TASK PROMPT – Restate the listing that follows word for word, without its pictures.

RECORDED DATA –
━━━━━━━━

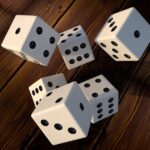 Five white dice with black pips tumble on a dark wooden surface, shadows visible underneath.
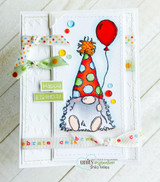 White embossed card with ribbon and buttons: the gnome in an orange dotted hat holds a red balloon over a “celebrate” alphabet strip.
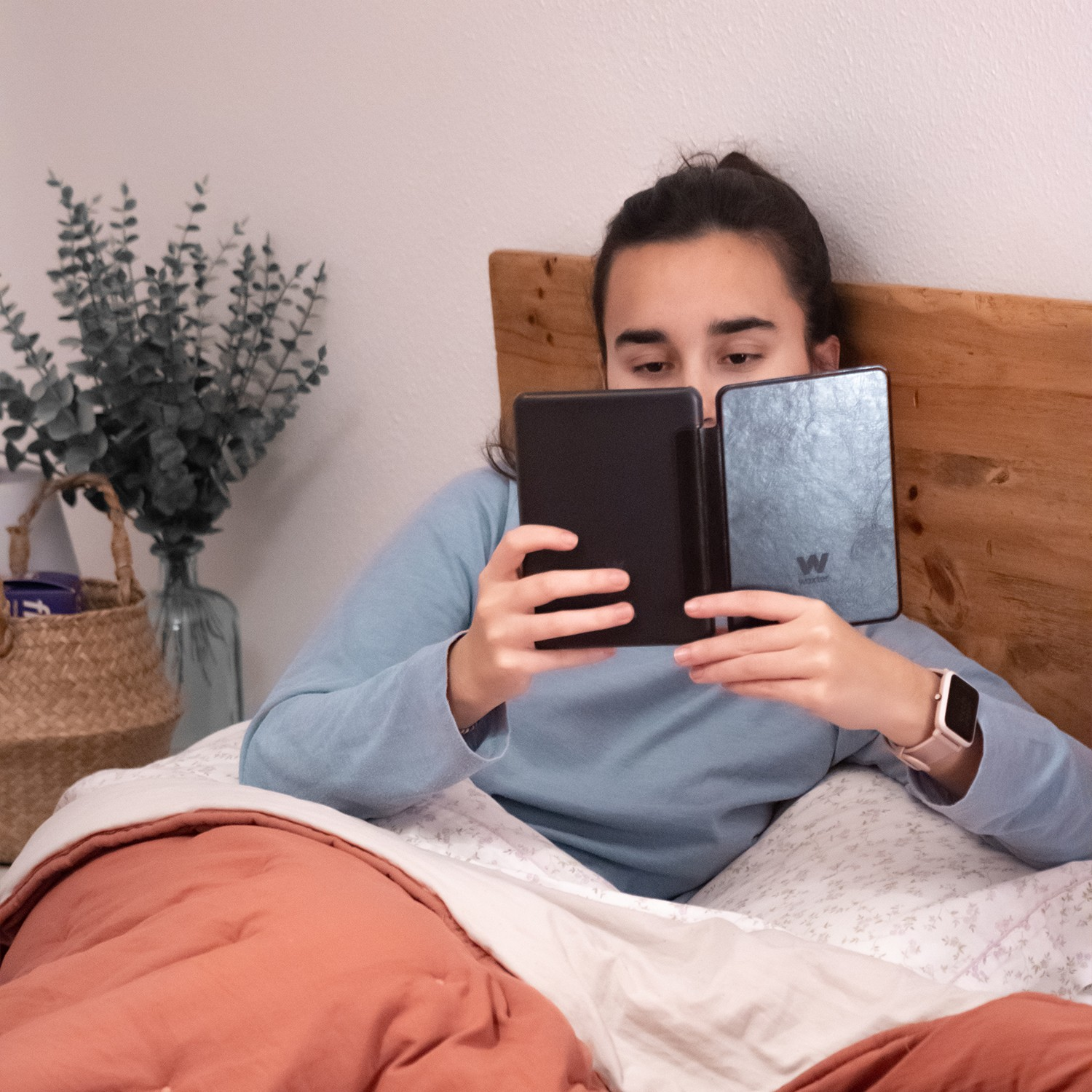 Kobieta czyta czarny czytnik e-booków z czarnym etui w łóżku, blisko wazonu i kosza.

━━━━━━━━

RESULT –
 Five white dice with black pips tumble on a dark wooden surface, shadows visible underneath.
 White embossed card with ribbon and buttons: the gnome in an orange dotted hat holds a red balloon over a “celebrate” alphabet strip.
 Kobieta czyta czarny czytnik e-booków z czarnym etui w łóżku, blisko wazonu i kosza.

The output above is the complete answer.